僕の絵とエメローネ様の説明で、みんなは何とか分かってくれたようで、頷き合い始めたんだ。
ここで僕は、答えを導き出して貰うために、スキルの用途を加えて説明を始めます。


「狙いを一カ所に絞る為にスキルの【必中】を使い、3連撃の【トリプルアタック】を一カ所に纏める。その攻撃がずれないよう【集中】で精度をあげるんだ」
「ふむ、一ヵ所に3連撃か・・・かなりの精度が必要だな」
「そうですねエメローネ殿、更に【瞬歩】を腕に使って【トリプルアタック】の連撃速度を上げる必要もあります」
「それはどうしてなのよ?速度なんて上げなくても同じじゃない」


当然の質問がシャルティルから出たけど、それは他の騎士たちも同じに思っている事の様で、僕の答えを待っていました。

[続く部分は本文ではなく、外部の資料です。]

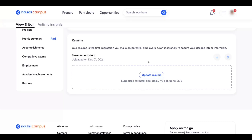In this video, I am going to tell you how to download your resume from the Nowakri mobile app and at the same time from the desktop as well. First, I will show you how to download your resume from the Nowakri mobile app. After that, I will show you how to download it from the desktop version.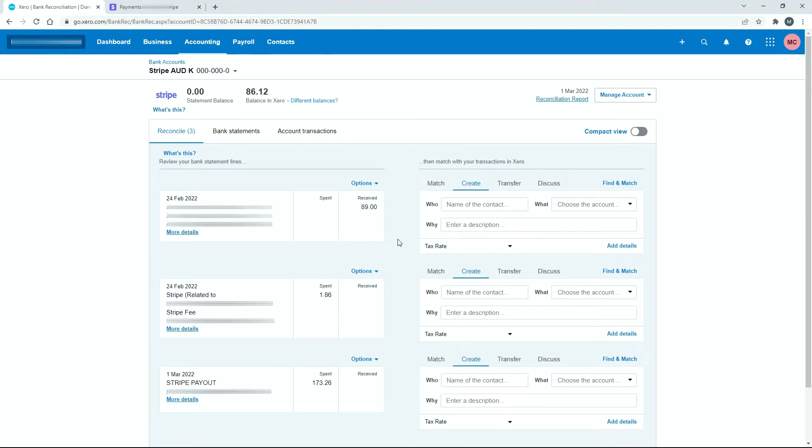So without using any bank rules or anything else, the way that you can do this is you just go to the create tab for each one and then just fill in the who, what or why. So this is a very manual way of doing it. Of course, you can automate this in other ways, which I show in other videos.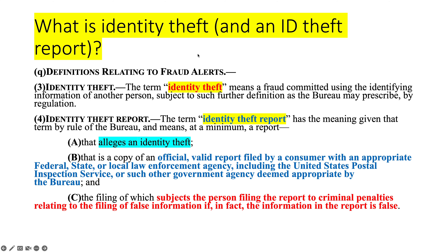What's identity theft? Identity theft is fraud committed using the identifying information of another person. The Bureau can add to that definition, and they've tried to make it very broad because you don't know every method of identity theft that's going to occur now versus five or 25 years from now. So it covers fraud on the identifying information broadly.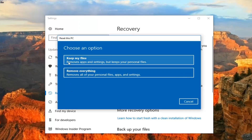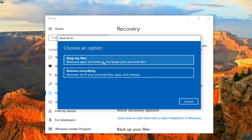Now you have two options: 'Keep your files,' which removes apps and settings but keeps your personal files, and 'Remove everything,' which will remove all your personal files, apps, and settings. Even though the first option says keep my files, it's only going to keep some personal files like documents and pictures, and there's honestly no guarantee it will actually save them. I would highly recommend backing up any important documents to an external media source before proceeding with this tutorial, no matter which selection you choose.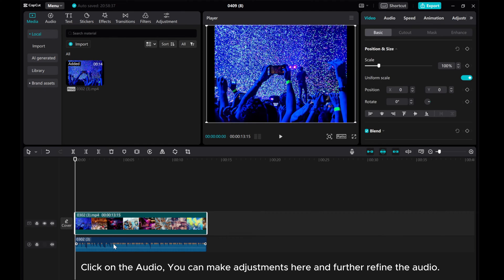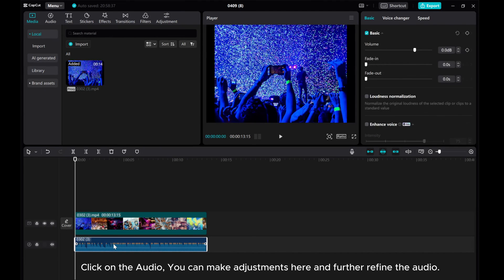Click on the audio. You can make adjustments here and further refine the audio.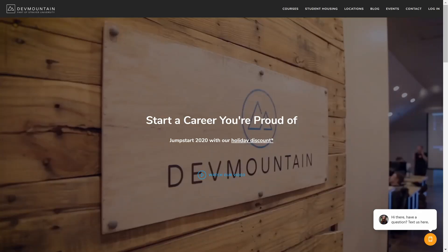I'd like to take a moment to thank our long-term sponsor, DevMountain Coding Bootcamp. If you're interested in checking out a bootcamp where they include housing with the tuition so you can get up and go, might I recommend DevMountain. They have multiple locations. Not only that, they have programs in QA, Fullstack, Web Development, UI, UX, and iOS Development. Check them out for more information at devmountain.com.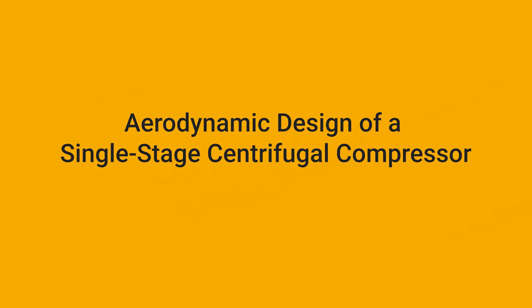In this video, we'll show an aerodynamic centrifugal compressor design. The application is a so-called high-speed turbo blower and is used for wastewater aeration.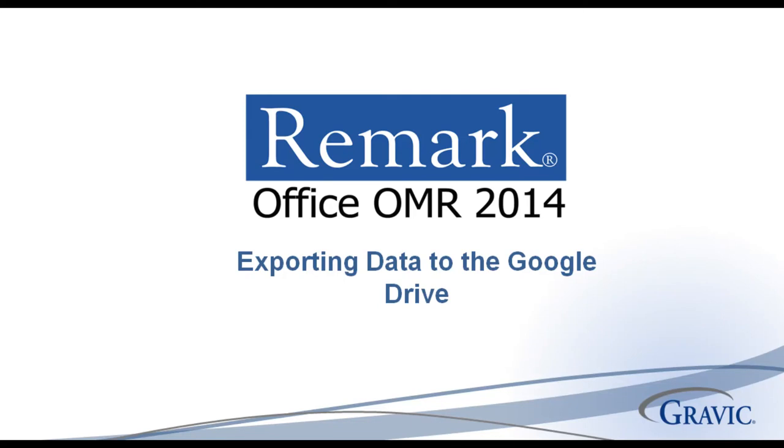Welcome to the Remark Software YouTube channel. In this video, I will demonstrate how to export a data file from Remark Office OMR to Google Drive.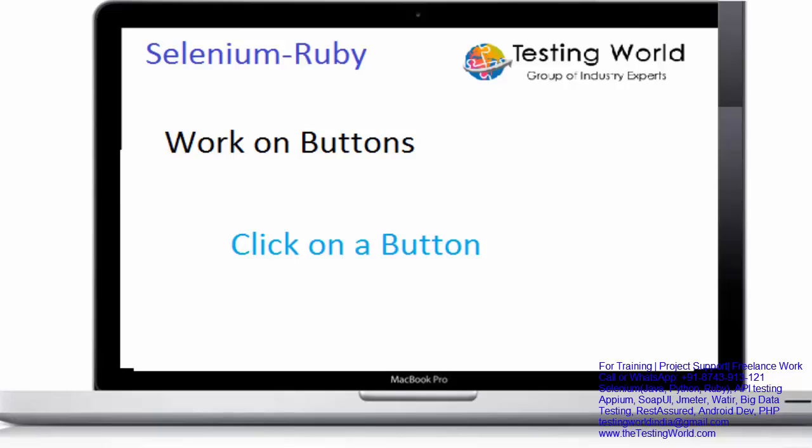Welcome to Testing World. In this session I'll show you how we can work on buttons. Mainly when we are working on buttons we are just going to click on it.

「それはですねシャルティル様、1撃で与える衝撃が収まる前に、次の衝撃を起こす必要があるからです。これが出来て、初級の武技はやっと2万を越えることが出来ます」


僕の説明を聞いて、みんなが黙ってしまい、分かったのかな?と気になってしまったよ。
その中で、ブルーだけが頷いていますけど、彼が分かるのは当然ですよね。


「あんた、白騎士って言ったっけ?言うだけなら誰でも出来るのよ。でもね、いくら初級でも武技を3つも使って、更にスキルを2つですって?出来る訳ないでしょ!ねぇエメローネ様」


9人の女性騎士のうち、赤髪をトゲトゲさせてる人は、指を指して反論してきた。
ふつうの人では出来ないと、エメローネ様をみて答えを待ちました。


「確かにアタシなら可能だ、しかしほんとに貫く事が出来るのか?」
「それはエメローネ様の腕次第です。スキルの瞬歩だって、腕に使った事ないでしょ?練習はそれなりに必要だと思います」
「ああ・・・それに一番難しいのは、武技の【トリプルアタック】だ、1ミリの狂いもなく当てるのは神業だろう」


良く分かってるエメローネ様に、鱗を貫いて貰う為に協力する提案をします。
賛成してくれたエメローネ様と鱗の前に立ち、構えてもらったんだよ。


「良いですか皆さん、この鱗はそんな神業を使わないと貫くのは難しいよ。それほどに強いドラゴンの物で、だからこそ王都を守る壁に使おうと考えた。やってみてくださいエメローネ殿」
「う、うむ」


僕に言われエメローネ様が1歩前に出て、突きの姿勢に構えを変えました。
僕は力が入っていると思い、横に行って小声で助言をする事にしました。


「エメローネ様、力が入り過ぎです。まずは構えを解いて目を閉じ、深呼吸をしてください」
「あ、ああ・・・わかった」


エメローネ様が剣を下に下げ、自然体の姿勢をとって深呼吸を始めます。
落ち着いたところで、スキルの【集中】を使って貰い、まずはあそこに誘導して入ってもらう事にします。


「どんな感じですかエメローネ様」
「不思議な感じだ、すごく静かで落ち着いている・・・これなら針の穴にも通せそうだ」
「さすがですよエメローネ殿」


普通は深呼吸をしただけじゃ、領域に入る集中は出来ません。
僕が誘導しているからでもあるけど、それ以上にエメローネ様の実力だと感じます。


「では、目を開けて目標を見ましょう。そして、いけると思ったら武技を使ってください」
「分かった」


僕は助言をした後、ゆっくりと後ろに下がり離れます。エメローネ様は、かなり集中してるから問題はないけど、手伝って領域に入ったから、少しの衝撃で解かれてしまう。
そして、エメローネ様は武技とスキルを使い、見事に鱗を貫く事が出来たんだ。


「で、出来たのか?」
「やりましたね、さすがエメローネ殿」


静かに僕の声だけが響き、みんなの方に振り向くと、凄すぎたのか黙ったままです。
少しして、みんなから大きな歓声が上がり、エメローネ様は皆に囲まれたよ。


「すごかったわよエメローネ」
「ありがとうございます姫様・・・ですけど、なんだか不思議な気分です。壊せないと思っていたはずなのに、あの一瞬はそうではなく、貫けると確信しました。あの感覚はいったい」


エメローネ様も不思議そうで、さっきまでの感覚は消えているとも言っています。
僕がその空間に連れて行ったので当然ですけど、手伝ったとは言え、あそこにいけるだけでもすごいんですよ。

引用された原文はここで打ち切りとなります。